Sometimes our past is the reason we make decisions as we do right now. A lesson I’ve been learning is that although the past might seem to look the same, it is in fact very different than right now. I can think that right now is going to turn out like that past because that’s an association I have with the feelings or thoughts that seem so familiar but in reality the situations may seem as if there are similarities but they are very different as well as I am very different.
Something that really knocked me on the head with this point home, so to speak, was given to me yesterday. A little Divine gift. Rather a huge gift I beg to say and it was given in such a simple yet profound way. As only the Divine can do.
I was reading a book by my favorite Author and teacher Caroline Myss, Intimate Conversations with the Divine, (I’ll put a link to the book) and just for a few moments I got lost in my thoughts, as we do, and my eyes weren’t looking at the pages. Within what felt like a few seconds I realized I was thinking and not reading anymore and I looked back down to my paragraph. I picked up where I left off but was completely confused by what I was reading. It made no sense!
I backed up further to the above paragraph and started there. Again, I was confused and getting rather frustrated. It was only a few seconds that I was lost in thought and thought about what I had just read, which was none of this! Am I going mad? What is going on here? Okay, let’s try again. I re read the paragraph againnnnnn and with no success at understanding how this fit into what I had been reading. It was as if everything looked the same but nothing about it was the same at all! !!!!! I think you may see here where I am going. 🙂
So shaking my head a bit confused, frustrated and wondering what was going on I sat back and looked at the whole page. Yup, it was the wrong page. I could tell after taking a breath because I knew what I was reading about it is wasn’t under this title or header or words etc. So I flipped the pages and found that I was actually two pages ahead of that.
So the words seemed familiar because I had read them before. The page seemed familiar because the pages all look the same in formatting and outline but nothing in the context or meaning or myself was the same.
I had inadvertently flipped backwards to something I had already done/read and was trying to make it congruent with and fit into my present and it couldn’t’, it just couldn’t!

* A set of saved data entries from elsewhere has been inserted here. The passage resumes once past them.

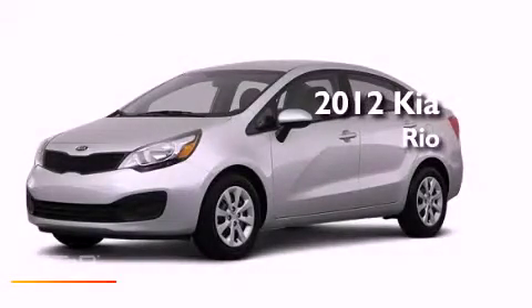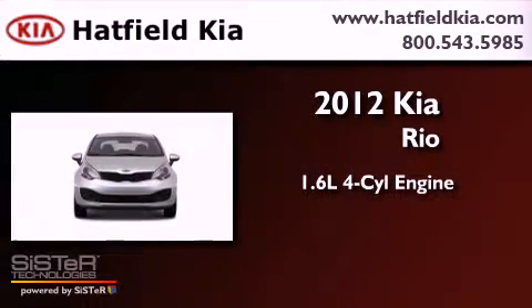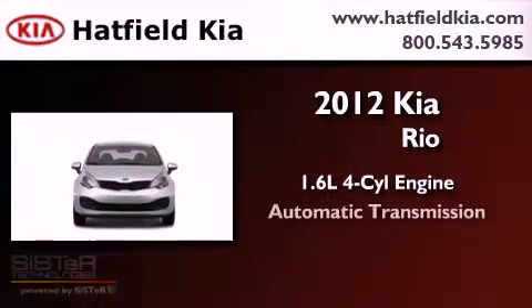This is a brand new 2012 Kia Rio. It features a 1.6-liter four-cylinder engine and an automatic transmission.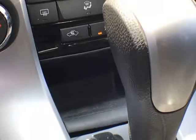The 1LT trim includes an abundance of safety features, including 10 airbags and much more, to make it an extremely safe machine on the road.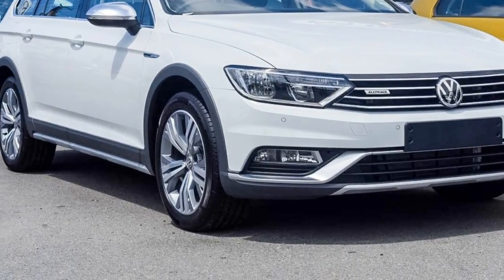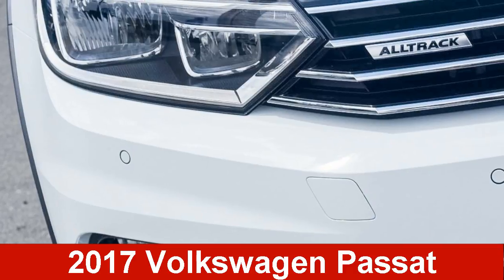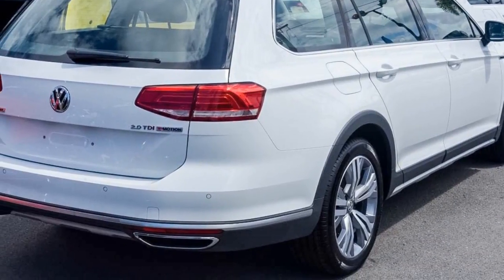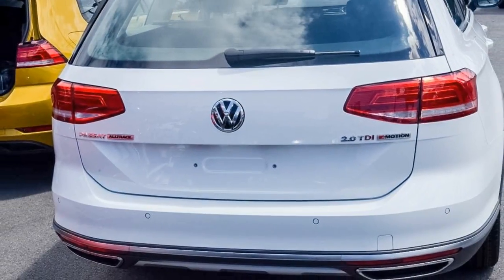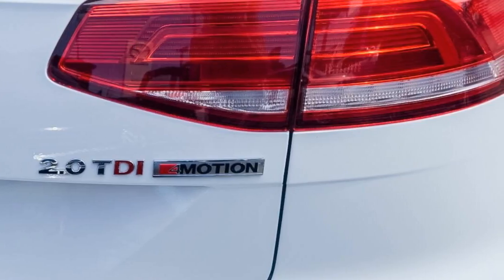We are proud to offer you this great value Volkswagen Passat. This Passat has an efficient 2.0-litre engine. The attractive white exterior is complemented by its stylish interior. This vehicle has all the features you could dream of, and more.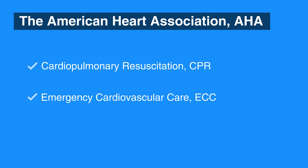The AHA 2015 guidelines expand on many of the recommendations made in 2010, as it continues to focus on high-quality chest compressions due to the improvement in resuscitation outcomes.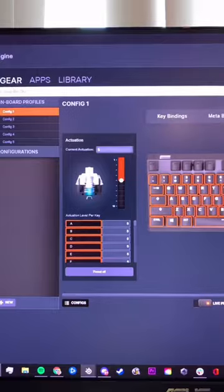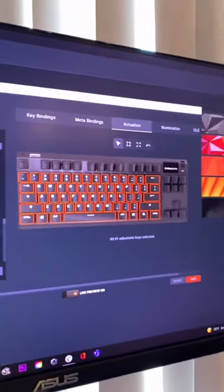As per usual, the RGB on the keyboard is awesome! With per-key lighting, you can customize the keyboard however you'd like. But looking at these switches, this is the actuation function.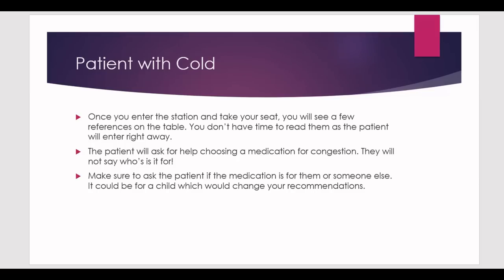Once you enter the station, take a seat at the desk. There will be an assessor sitting somewhere in the room. You'll see a few references on the table — don't try to read all of them because the patient will enter right away. You'll also see a few medications on the table; quickly look at them, but your focus should be on the patient and your interaction with them.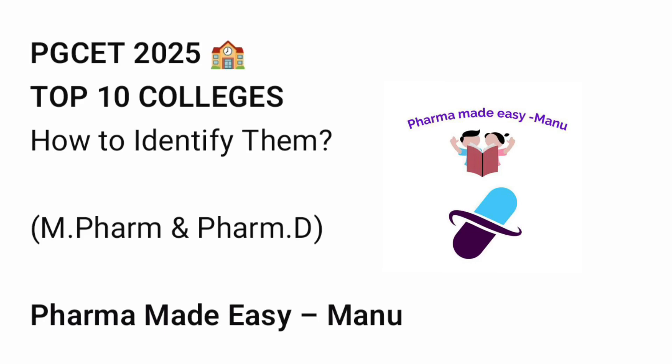Welcome to Pharma Made Easy, Manu YouTube channel — for PGCE-T 2025 aspirants.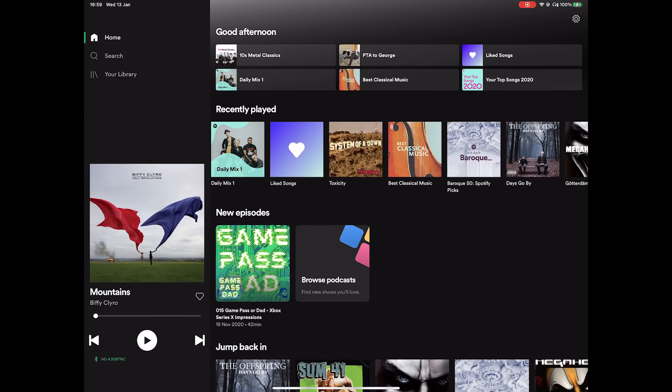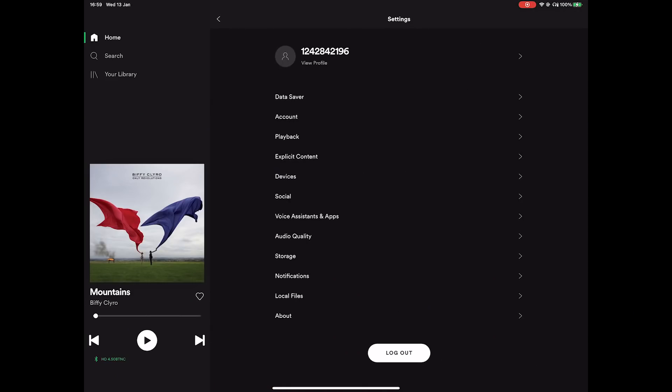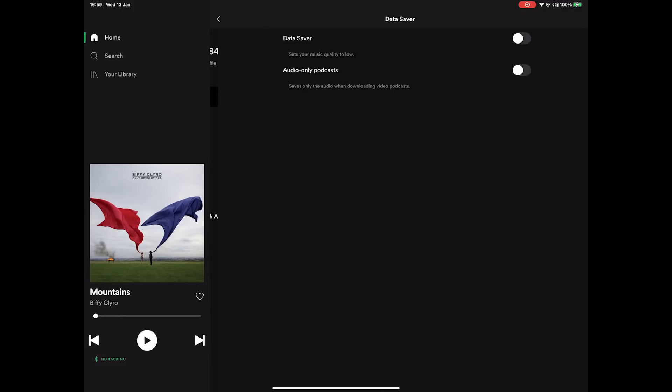Turn off data saver mode. Spotify has a built-in data saver mode that reduces the amount of data the app uses when you're streaming over cellular networks. This mode can potentially interfere with playback quality and result in Spotify pauses. To access data saver mode, tap the gear icon in the top right corner of the screen and then tap data saver from the list. Ensure that the slider is set to off.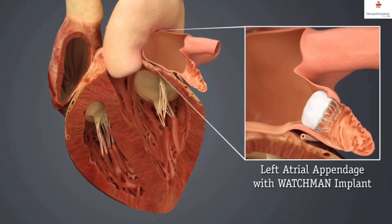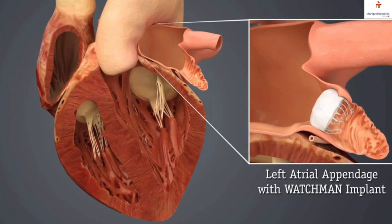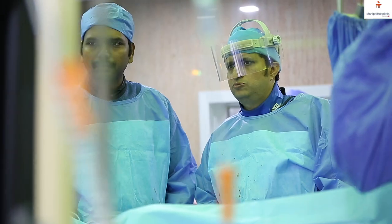Left atrial appendage closure is a procedure done like an angiogram, where we go from the groin using the femoral vein, reach the right atrium, make a septal puncture, and then go to the left atrium. The majority of clots in atrial fibrillation actually come from one area in the left atrium called the left atrial appendage.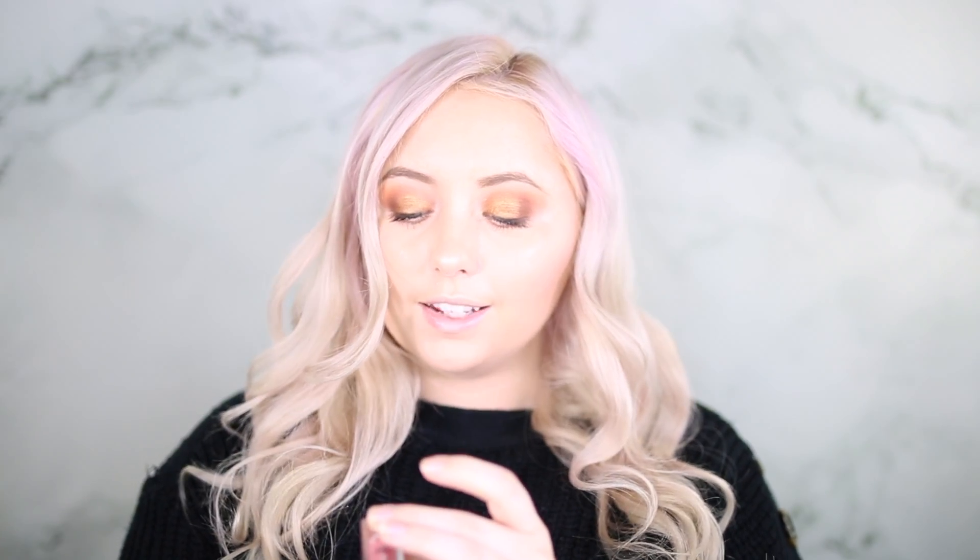Now we're moving on to lips. This is the ELF liquid matte lipstick in the color Marvelous — it looks like this and we're just going to put this on the lips.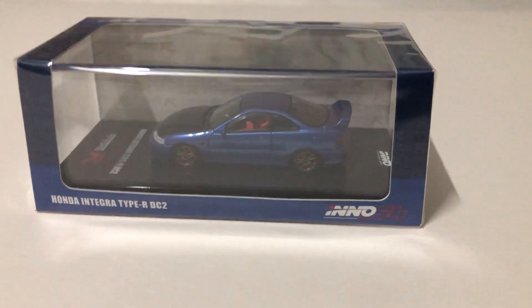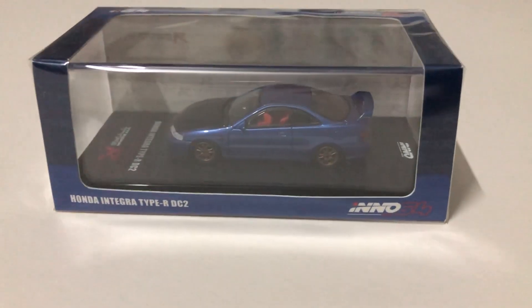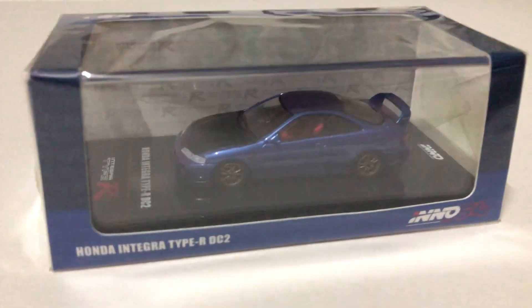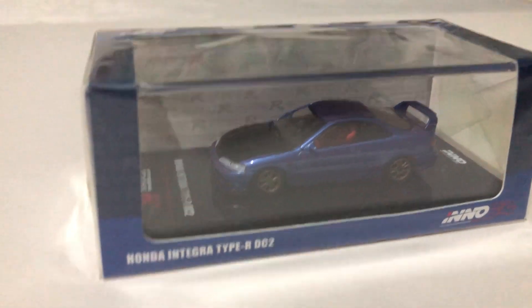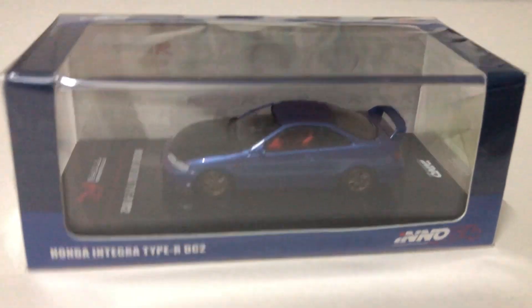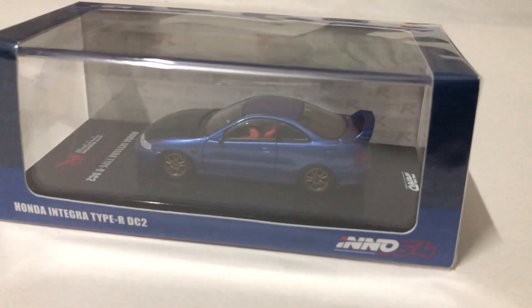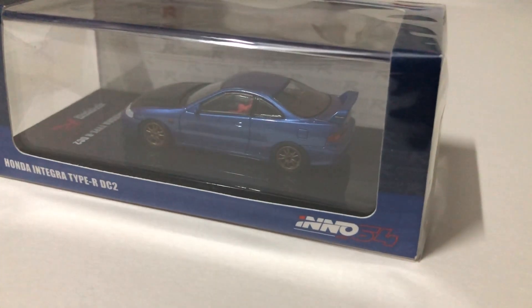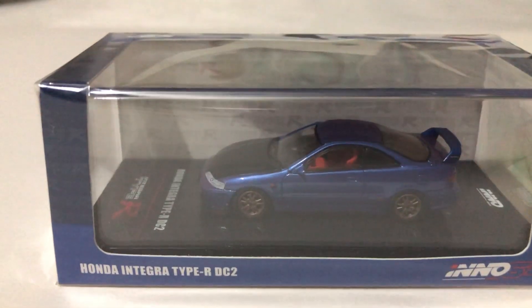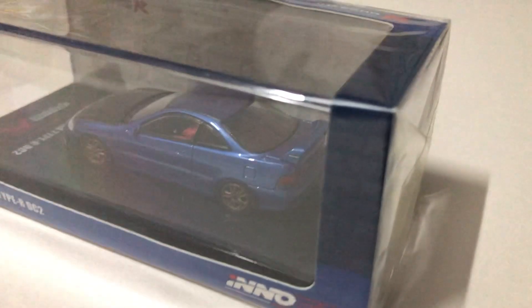Hello everyone, today we are going to see the Honda Integra Type R. It comes in blue, and it's special because it's Mugen equipped, as we can see from the Mugen MF10 wheels, the Mugen rear spoiler, and the Mugen exhaust system.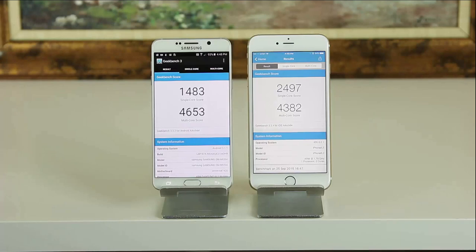But in multi-core performance, the Note 5 beats the iPhone 6S Plus — you get 4,653 on the Note 5 and 4,382 on the 6S Plus. Do remember, the iPhone 6S Plus only has two cores, so those are very powerful individual cores, even though there are only two of them. Overall, these phones are pretty damn fast.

This tiny little accident was a huge ah ha for me. Like a BIG lesson in what my thinking brain does to try to figure out problems or issue right now, it goes to the only thing it knows which is the past, but the past is NOT right now and cannot get or be congruent with right now, it cannot fit into Right now because although there may be similarities in what/how/who/feelings/thoughts whatever, there is nothing about then that IS right now!
Yes, we can learn from the past but it doesn’t serve us to make decisions based on the past. Seems counterintuitive almost right? We want to ‘know’ what’s going to happen. Have a formula. Have the equation all laid out. It doesn’t work like that. There’s too many differing factors. We can use our past decisions to see how we responded and try to respond differently now. Did we respond and act our of fear? Where did that get us? Did we respond and act our of faith? Where did this get us? In this current choice or situation we can remember to respond to it and ourselves with faith and love, confidence and courage so that we know we are in the flow with our best selves and higher selves. And we can remember basing a decision from a past event and thinking it’s going to generate the same outcome today, just isn’t so. I keep learning this lesson and this little book incident made this lesson really really clear for me.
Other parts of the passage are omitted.